Maylawati et al. [13] introduced an ideology by combining the DL and SPM methods for a superior text summarization outcome. In the text summarization process, generating readable and understandable summaries is significant. SPM, as a text representation-extraction method, can maintain the meaning of the text by showing interest in the order of words’ appearance. DL is a famous and powerful ML approach broadly utilized in several data mining research works. It employs a descriptive research method that gathers every fact about the data based on DL and SPM techniques for text summarization. Here, the NLP technique is used as knowledge, whereas DL and the SPM techniques are applied for text summarization since it is the main issue that needs to be sorted. Khan et al. [14] focused on the extraction-based summarization process with the help of K-Means clustering and Term Frequency-Inverse Document Frequency (TFIDF). This study reflected the ideology of true K and utilized the value of K to split the sentences that belonged to the input document to arrive at the concluding summary.

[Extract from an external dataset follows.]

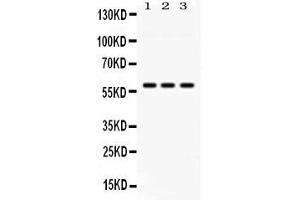 Western blot analysis of PIAS4 expression in rat testis extract ( Lane 1), mouse testis extract ( Lane 2) and HELA whole cell lysates ( Lane 3). (PIAS4 anticorps  (N-Term))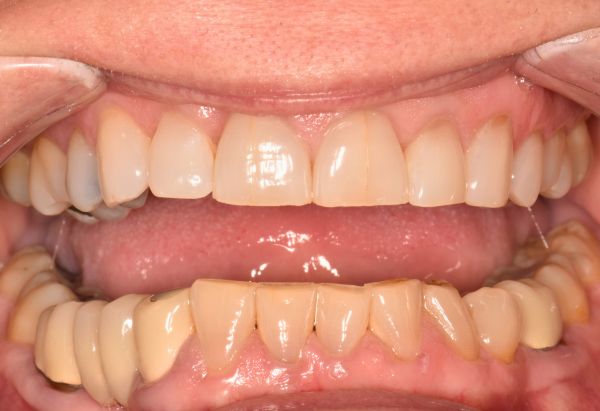 Before - Peacock Dental Spa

Lin et al. [15] proposed a simple yet effective extraction technique in the name of the Light Gradient Boosting Machine regression method for Indonesian files. In this method, four features were derived such as the TitleScore, PositionScore, the semantic representation similarity between the title of the document and the sentence and the semantic representation similarity between a sentence’s cluster center and the sentence. The author described a formula to calculate the sentence score as its objective function. Zhao et al. [16] presented a Variational Neural Decoder text summarization approach (VND). This method presented a series of implicit variables by integrating the modified AE and the modified RNN to be utilized in capturing the complicated semantic representation at every decoding stage. It involved a variational RNN layer and a standard RNN layer. These two network layers produced a random hidden state and a deterministic hidden state. The author used two such RNN layers to establish the dependency between the implicit variables and the adjacent time steps.

3  The Proposed Text Summarization Model

In this article, a new ALTS-MLODL technique has been introduced as an effectual text summarization process. The presented ALTS-MLODL technique aims to summarize the text documents in the English language. Fig. 1 depicts the working process of the ALTS-MLODL approach.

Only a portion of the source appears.